Repository for serverless microservices on AWS Lambda. Currently contains:
- ✅ HTTP requests with redirect handling
- ✅ HTML parsing with BeautifulSoup
- ✅ Markdown conversion with link preservation
- ✅ Image extraction with absolute URLs
- ✅ Recursive link processing with depth control
- ✅ PDF, DOCX and XLSX file processing
- ✅ Link filtering via regex patterns
- ✅ Docker/ZIP deployment
- ✅ Function URL support
- ✅ Cross-platform deployment scripts (PowerShell/Bash)
# Clone repository
git clone https://github.com/mvmendes/lambda-services.git
cd lambda-services/scrape-service
# Configure AWS credentials (if not already done)
aws configure
# Set environment variables (optional)
export AWS_PROFILE="your-profile" # Default: "default"
export AWS_REGION="sa-east-1" # Default: "us-east-1"

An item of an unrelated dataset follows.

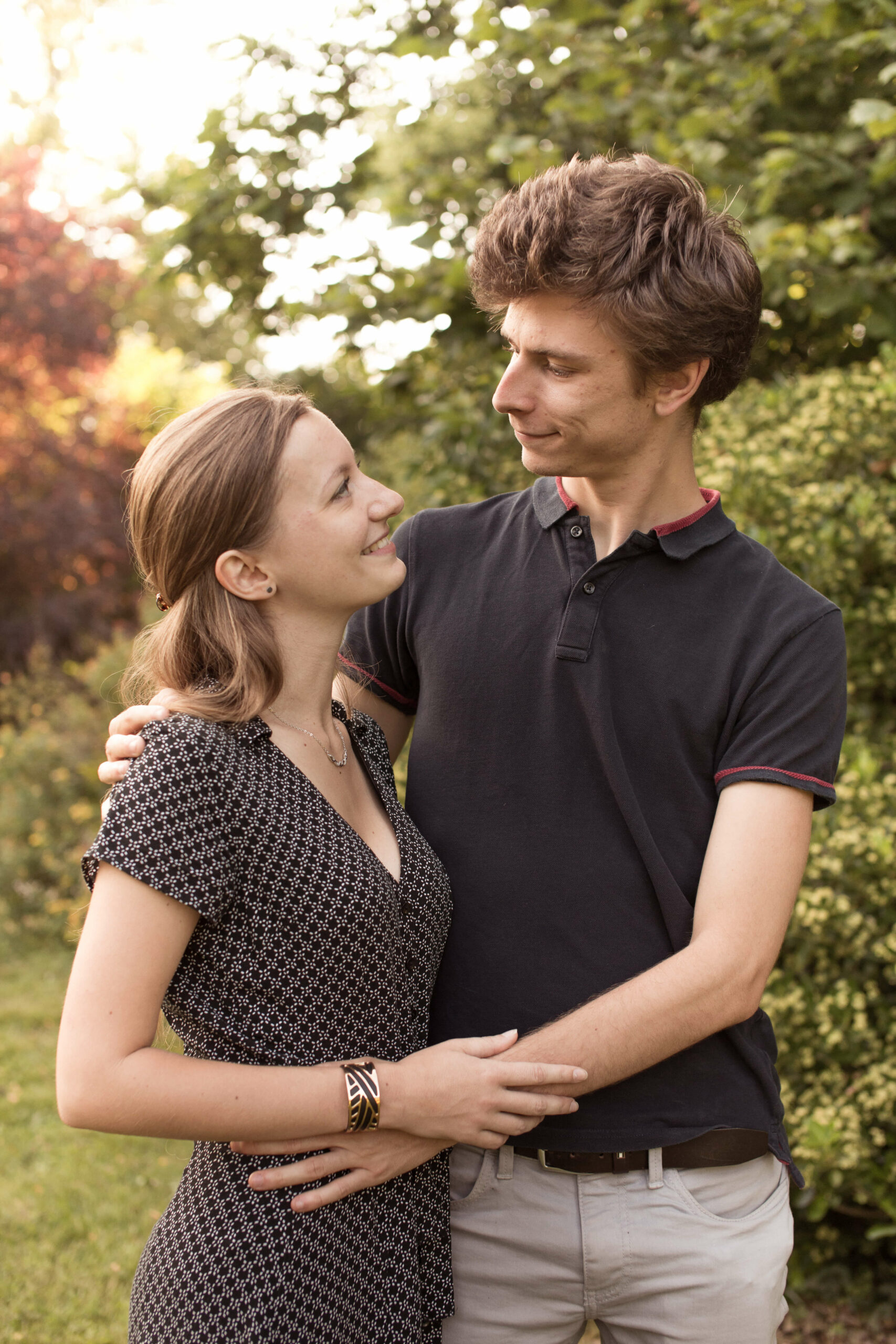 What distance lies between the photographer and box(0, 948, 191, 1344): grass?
3508mm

export LAMBDA_FUNCTION="ScrapeService"
# Deploy (Linux/MacOS)
chmod +x build_and_deploy.sh
./build_and_deploy.sh
# OR Deploy (Windows PowerShell)
Set-ExecutionPolicy -ExecutionPolicy RemoteSigned -Scope CurrentUser
.\build_and_deploy.ps1
scrape-service/
├── src/ # Core source code
│ └── scrape_lambda.py # Lambda handler
├── test/ # Automated tests
├── Dockerfile # Container config
├── build_and_deploy.sh # Linux/MacOS deployment
├── build_and_deploy.ps1 # Windows deployment
├── requirements.txt # Python dependencies
└── README.md # Service documentation
- AWS Lambda - Serverless execution
- Python 3.12 - Core logic
- Docker - Container packaging
- BeautifulSoup - HTML parsing
- Pytest - Automated testing
- PowerShell/Bash - Cross-platform deployment
Each service directory contains:
- Source code
- Cross-platform deployment scripts
- Dockerfile for container deployment
- Service-specific documentation
- Unit tests
- Requirements file
The deployment user needs these permissions:
{
"Version": "2012-10-17",
"Statement": [
{
"Effect": "Allow",
"Action": [
"lambda:CreateFunction",
"lambda:UpdateFunctionCode",
"lambda:GetFunction",
"lambda:CreateFunctionUrlConfig",
"lambda:AddPermission",
"logs:CreateLogGroup",
"logs:CreateLogStream",
"logs:PutLogEvents"
],
"Resource": [
"arn:aws:lambda:*:*:function:ScrapeService*",
"arn:aws:logs:*:*:log-group:/aws/lambda/ScrapeService*"
]
},
{
"Effect": "Allow",
"Action": [
"iam:PassRole",
"iam:CreateRole",
"iam:GetRole",
"iam:AttachRolePolicy"
],
"Resource": "arn:aws:iam::*:role/lambda-scrape-service-role"
}
]
}
- Fork repository
- Create feature branch (
git checkout -b feature/fooBar
) - Commit changes (
git commit -am 'Add fooBar'
) - Push branch (
git push origin feature/fooBar
) - Open Pull Request
MIT License - See LICENSE
Next Steps: Ready to add new microservices following the same structure.